Are American homicide rates exceptional?

“At some point, we as a country will have to reckon with the fact that this type of mass violence does not happen in other advanced countries.”

Many on the right disagree with this statement, made President Obama Thursday following the tragedy in Charleston, South Carolina. But you might be surprised at which part of the quote they disagree with. Much ink has already been spilled as to why the United States has a problem with gun violence — and there are a number of reasons — but those who seek to avoid action have started by rejecting the premise that there’s a problem in the first place.

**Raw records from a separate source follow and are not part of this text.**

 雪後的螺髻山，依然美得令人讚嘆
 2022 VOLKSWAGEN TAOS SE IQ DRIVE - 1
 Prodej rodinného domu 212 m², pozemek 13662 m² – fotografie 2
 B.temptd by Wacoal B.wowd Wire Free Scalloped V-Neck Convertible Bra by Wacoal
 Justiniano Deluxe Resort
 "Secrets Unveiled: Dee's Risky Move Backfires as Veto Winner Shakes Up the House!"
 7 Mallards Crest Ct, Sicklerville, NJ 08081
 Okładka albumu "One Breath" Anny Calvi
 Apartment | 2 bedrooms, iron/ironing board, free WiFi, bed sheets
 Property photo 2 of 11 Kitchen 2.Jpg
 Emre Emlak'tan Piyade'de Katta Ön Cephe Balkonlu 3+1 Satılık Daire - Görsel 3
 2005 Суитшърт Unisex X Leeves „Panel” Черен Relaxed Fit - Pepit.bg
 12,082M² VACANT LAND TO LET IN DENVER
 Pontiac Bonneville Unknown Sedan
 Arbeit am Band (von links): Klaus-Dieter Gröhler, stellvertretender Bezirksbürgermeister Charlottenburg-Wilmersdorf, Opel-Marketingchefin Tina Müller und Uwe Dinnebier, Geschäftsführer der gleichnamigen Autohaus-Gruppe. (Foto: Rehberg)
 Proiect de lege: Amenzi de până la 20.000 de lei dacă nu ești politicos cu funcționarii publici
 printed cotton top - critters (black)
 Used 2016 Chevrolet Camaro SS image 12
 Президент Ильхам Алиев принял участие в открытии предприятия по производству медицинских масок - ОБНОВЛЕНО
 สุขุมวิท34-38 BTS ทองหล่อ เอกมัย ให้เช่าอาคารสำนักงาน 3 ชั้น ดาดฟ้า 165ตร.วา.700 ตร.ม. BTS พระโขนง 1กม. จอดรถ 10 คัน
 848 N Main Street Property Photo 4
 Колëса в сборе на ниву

At first glance, they have a point. The US does not have the highest homicide rate in the world — not by a long shot. According to the UN office on Drugs and Crime, the United States rates the 111th out of 218 total countries in homicide rates per 100,000 residents. By this measure, America is only in the top of the bottom half of homicide rates.

This is the case made by Bill Whittle of Truth Revolt, a right wing YouTube channel, who says that though America is by far the country with the highest gun ownership, it’s nowhere near the top of the list for homicide rates.

This video has been picked up by several right wing blogs (examples here, here and here). Most of them take great pains to let us know that Honduras, not America, is the murder capital of the world. The case presented and repeated seems to say that America is not exceptionally violent, furthermore the reason for that is our exceptionally high number of guns.

This case has been further echoed since the tragic shooting in Charleston:

Gun via Shutterstock

Gun via Shutterstock

The truth is a little more complicated. Obama didn’t say that the United States has the highest rate of violence; he was only referring to “advanced countries.” We know that violence correlates with income, so comparing our crime rate to Honduras is disingenuous.

I’ve graphed out countries by their GDP per capita and their homicide rates per 100,000. The trend line shows a clear relationship between per capita GDP and homicide rate. No nation over $25,000 GDP per capita comes anywhere near the United States’s homicide rate. The US is a clear outlier among its economic peers. Our homicide rate would be considered within the realm of reasonable expectation if our per capita GPD was comparable to Estonia. The reasons for this can be debated, but the fact that we in America have a problem with gun violence is indisputable.


Luke Riley works in political campaign data and served on the Data Team in Virginia for President Obama’s 2012 re-election efforts.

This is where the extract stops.